1653 Number Of Good Leaf Nodes Pairs

Number of Good Leaf Nodes Pairs

You are given the root of a binary tree and an integer distance. A pair of two different leaf nodes of a binary tree is said to be good if the length of the shortest path between them is less than or equal to distance.

Return the number of good leaf node pairs in the tree.

 

Example 1:

**Input:** root = [1,2,3,null,4], distance = 3
**Output:** 1
**Explanation:** The leaf nodes of the tree are 3 and 4 and the length of the shortest path between them is 3. This is the only good pair.

Example 2:

**Input:** root = [1,2,3,4,5,6,7], distance = 3
**Output:** 2
**Explanation:** The good pairs are [4,5] and [6,7] with shortest path = 2. The pair [4,6] is not good because the length of ther shortest path between them is 4.

Example 3:

**Input:** root = [7,1,4,6,null,5,3,null,null,null,null,null,2], distance = 3
**Output:** 1
**Explanation:** The only good pair is [2,5].

 

Constraints:

The number of nodes in the tree is in the range [1, 210].
1 <= Node.val <= 100
1 <= distance <= 10

class Solution:
    def _traverse_tree(self, curr_node, prev_node, graph, leaf_nodes):
        if curr_node is None:
            return
        if curr_node.left is None and curr_node.right is None:
            leaf_nodes.add(curr_node)
        if prev_node is not None:
            if prev_node not in graph:
                graph[prev_node] = []
            graph[prev_node].append(curr_node)

            if curr_node not in graph:
                graph[curr_node] = []
            graph[curr_node].append(prev_node)

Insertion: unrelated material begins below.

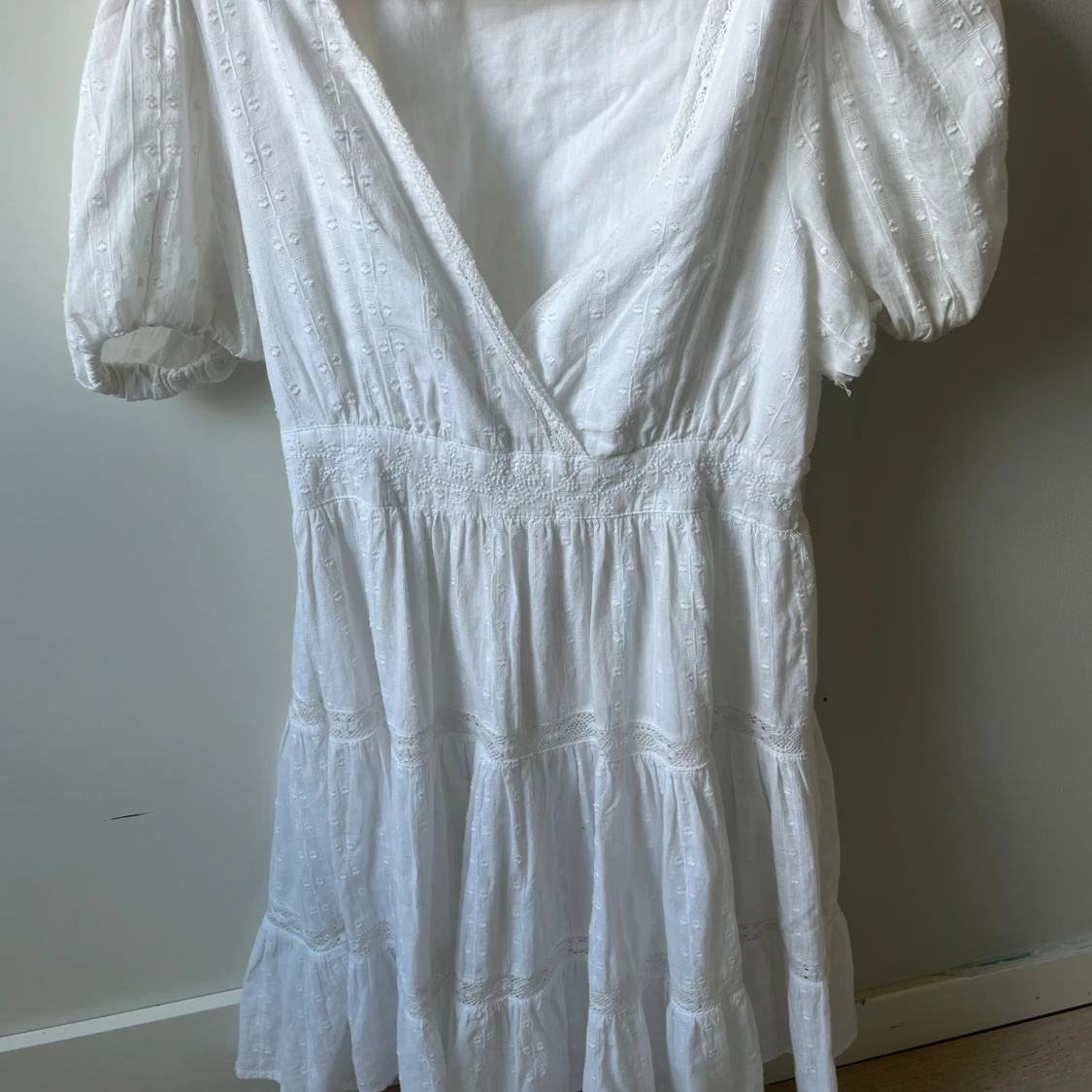 Vit kort klänning från Zara XS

        self._traverse_tree(curr_node.left, curr_node, graph, leaf_nodes)
        self._traverse_tree(curr_node.right, curr_node, graph, leaf_nodes)

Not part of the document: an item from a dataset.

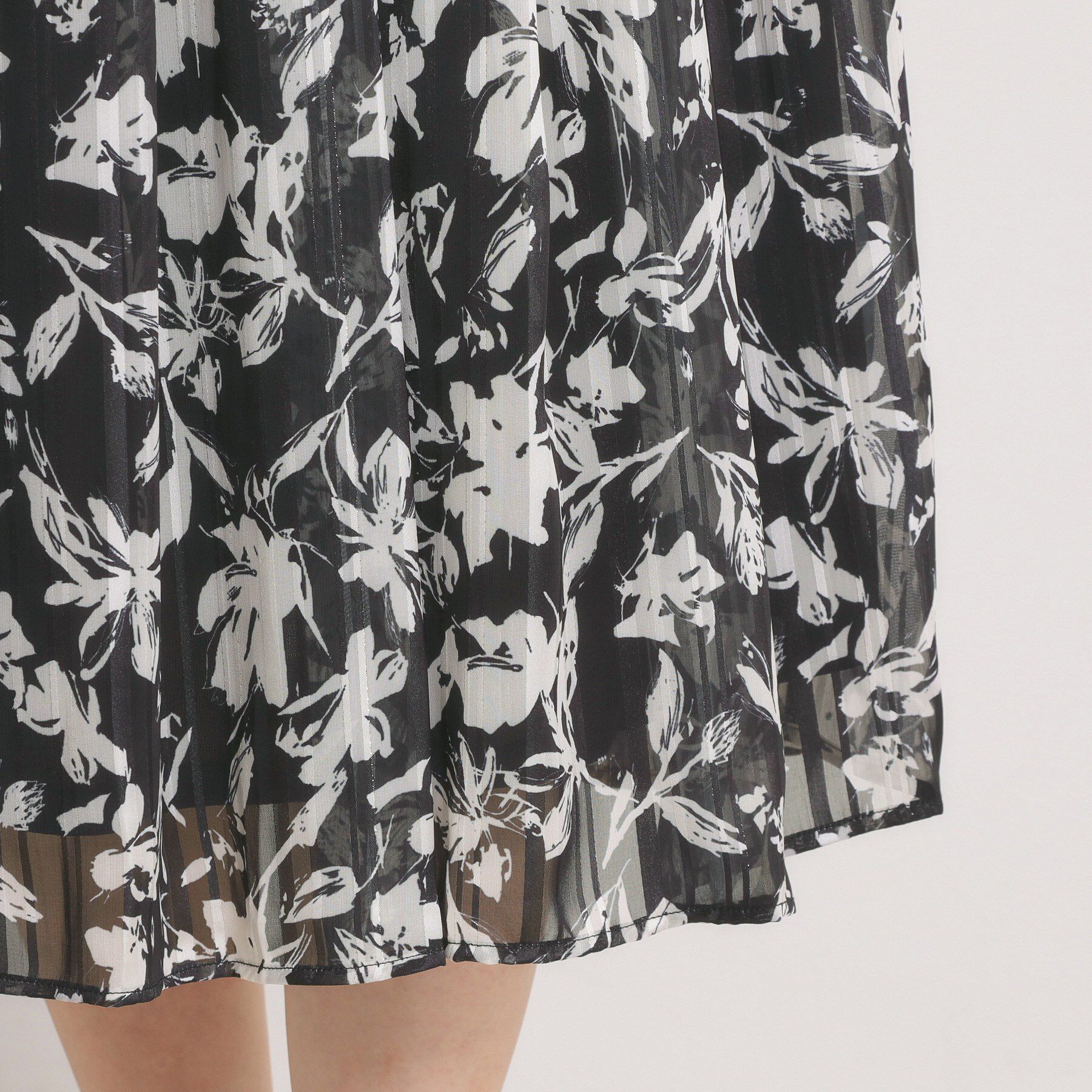 ITS&rsquo;DEMO「【手洗い可／後ろウエストゴム】ラメスト単色花柄スカート」|スカート|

    def countPairs(self, root, distance):
        graph = {}
        leaf_nodes = set()

        self._traverse_tree(root, None, graph, leaf_nodes)

        ans = 0

        for leaf in leaf_nodes:
            bfs_queue = []
            seen = set()
            bfs_queue.append(leaf)
            seen.add(leaf)
            for i in range(distance + 1):
                # Clear all nodes in the queue (distance i away from leaf node)
                # Add the nodes' neighbors (distance i+1 away from leaf node)
                size = len(bfs_queue)
                for j in range(size):
                    curr_node = bfs_queue.pop(0)
                    if curr_node in leaf_nodes and curr_node != leaf:
                        ans += 1
                    if curr_node in graph:
                        for neighbor in graph.get(curr_node):
                            if neighbor not in seen:
                                bfs_queue.append(neighbor)
                                seen.add(neighbor)
        return ans // 2